Yesterday’s post on the extraordinary rice paddy art of the Japanese village of Inakadate got me thinking about the power and purpose of art, public art in particular. Japan’s well-documented generational flight from the country to the city has gutted many rural communities that will likely become ghost towns once their predominantly elderly inhabitants pass on, and forgotten completely once their buildings rot. Yet here is Inakadate, drawing 150,000+ visitors annually to a village of fewer than 9000 residents 400 miles from Tokyo to stare out a tower window at rice paddies. Such is the power of art.
A recent article on the proposed razing of the infamous Jordan Downs housing project in Watts raised some questions for me about the underlying intention, the core goal, of urban renewal. Racism, classism, and other prejudices are probably inescapable, but I don’t find them to be legitimate motivation. Isn’t the point of urban renewal—as a process, not a product—to provide a struggling area with a neighborhood it can be proud of? After all, people who take pride in where they live also take care of it. They maintain it, cultivate it, activate it, personalize it, beautify it, protect it, and adapt it to their particular needs and desires. They become a true community, the Jane Jacobs kind.

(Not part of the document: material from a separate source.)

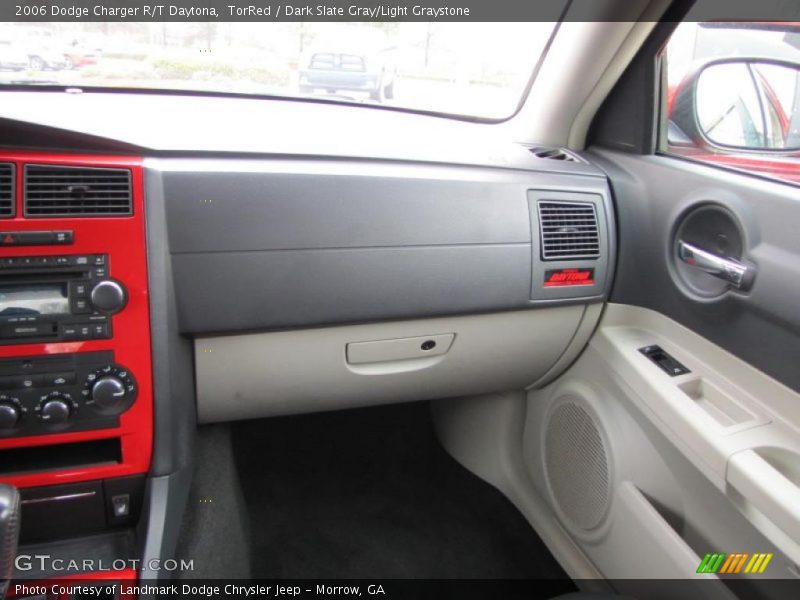 TorRed / Dark Slate Gray/Light Graystone 2006 Dodge Charger R/T Daytona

Architecture plays a major role; enormous Communist Bloc-style “human warehouses” don’t make things easy, and demolition isn’t always a bad thing. But architectural interventions are expensive, laborious, and disruptive. Artistic ones, in comparison, can be much cheaper, more inclusive, more dynamic. They can create a unique sense of place, inspiring residents to take pride in what they already have—who they already are—instead of suggesting that nothing here is worth saving, the slate should be wiped clean. The inclusion of art suggests a process of improvement, not replacement. This is certainly not novel thinking. Still, I wonder how many failed urban interventions might have been successful had public art been a genuinely considered agent of change.
Of course, areas targeted for urban renewal (by whatever name) typically have more pressing needs than civic pride: education, opportunity, health care, nutritious food, a healthy home. Art might not feed the hungry (though Inakadate proves it can), but why should renewing dilapidated and impoverished areas be a linear process? If it requires engagement, communication, and commitment at all levels, then can’t art play a significant role? Whether it’s rice paddy art, city buses, murals, civic graffiti, chalk art, sculptures, building facades, signage, horticulture, folk architecture, or any other form, public art can help bring a community together. It can be a powerful force of renewal, without destruction, displacement, or disparagement.